Castro Valley High School is located in the unincorporated suburban community of Castro Valley, California, United States. It is a State school#United States high school for grades 9 to 12. Named a National Exemplary School in 1984–85 and 1988–89, it was a California Distinguished School in 1987–88, 2000–01, and 2009.

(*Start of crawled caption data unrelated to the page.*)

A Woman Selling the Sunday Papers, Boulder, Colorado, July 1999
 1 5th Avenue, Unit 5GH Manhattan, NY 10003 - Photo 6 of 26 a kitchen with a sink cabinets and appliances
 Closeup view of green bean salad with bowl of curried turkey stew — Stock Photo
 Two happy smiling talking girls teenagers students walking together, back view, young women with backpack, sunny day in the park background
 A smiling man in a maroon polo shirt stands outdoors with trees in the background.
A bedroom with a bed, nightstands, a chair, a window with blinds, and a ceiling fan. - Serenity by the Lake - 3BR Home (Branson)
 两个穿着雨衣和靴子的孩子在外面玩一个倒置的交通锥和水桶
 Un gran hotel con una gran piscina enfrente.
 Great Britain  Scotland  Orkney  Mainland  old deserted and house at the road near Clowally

It is part of the Castro Valley Unified School District.

Academics 
CVHS ranks in the top 1,900 public high schools in America, 275th in California, and 49th in the San Francisco Metro Area. 48% of students participate in Advanced Placement courses, and 41% of students passed at least one AP exam. The graduation rate is 97%.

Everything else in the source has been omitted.